Snowflake Snowpro Core Preparation Part 14 — Estimation Functions, System Functions & Table Functions

Ganapathy Subramanian.N
6 min readJun 5, 2024

--

In this blog, we are going to discuss about Estimation Functions, Sampling, System Functions & Table Functions

Estimation Functions:

● Functions which are helpful to estimate the values.

Cardinality Estimation:

● Snowflake uses HyperLogLog to estimate the approximate number of distinct values in a data set.

● HyperLogLog is a state-of-the-art cardinality estimation algorithm, capable of estimating distinct cardinalities of trillions of rows with an average relative error of a few percent.

● Snowflake recommend using HyperLogLog whenever the input is potentially large, and an approximate result is acceptable.

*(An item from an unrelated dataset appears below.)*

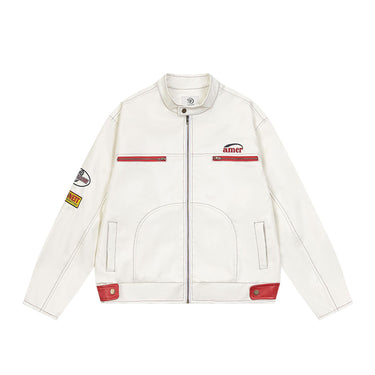 PU leather jacket motorcycle suit for men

● The average relative error of our HyperLogLog implementation is 1.62338% (i.e., the average relative difference to the corresponding COUNT(DISTINCT …) result).

Similarity Estimation:

● Snowflake uses MinHash for estimating the approximate similarity between two or more data sets.

● The MinHash scheme compares sets without computing the intersection or union of the sets, which enables efficient and effective estimation.

● The Jaccard similarity coefficient (or index) is used to compare the similarity between two sets — J(A,B) = (A ∩ B) / (A ∪ B).

● However, this calculation can consume significant resources and time and, therefore, is not ideal for large data sets.

● In contrast, the goal of the MinHash scheme is to estimate J(A,B) quickly, without computing the intersection or union.

The similarity index of these two tables is approximated as 0.79, as opposed to the exact value 0.8 (i.e., 4/5).

Frequency Estimation:

● Snowflake uses the Space-Saving algorithm, a space and time efficient way of estimating approximate frequent values in data sets.

● It is implemented through the APPROX_TOP_K family of functions.

● Additionally, the APPROX_TOP_K_COMBINE function utilizes the parallel Space-Saving algorithm.

● The percentage of error for the algorithm depends heavily on how skewed the data is, and the number of counters used in the algorithm.

● As data becomes more skewed, or more counters are used, the output will be more accurate.

Percentile Estimation:

● Snowflake uses an improved version of the t-Digest algorithm, a space and time efficient way of estimating approximate percentile values in data sets.

● It is implemented through the APPROX_PERCENTILE family of functions.

● This algorithm has a constant relative error.

● This algorithm has substantial empirical support, but no rigorous proof of any accuracy guarantees.

The value returned in this case is higher than any value in the data set

Sampling:

● Returns a subset of rows sampled randomly from the specified table.

Fraction Based — Sample a fraction of a table, with a specified probability for including a given row.

  • The number of rows returned depends on the size of the table and the requested probability.
  • A seed can be specified to make the sampling deterministic.

Fixed Size — Sample a fixed, specified number of rows.

  • The exact number of specified rows is returned unless the table contains fewer rows.

● SAMPLE and TABLESAMPLE are synonymous and can be used interchangeably.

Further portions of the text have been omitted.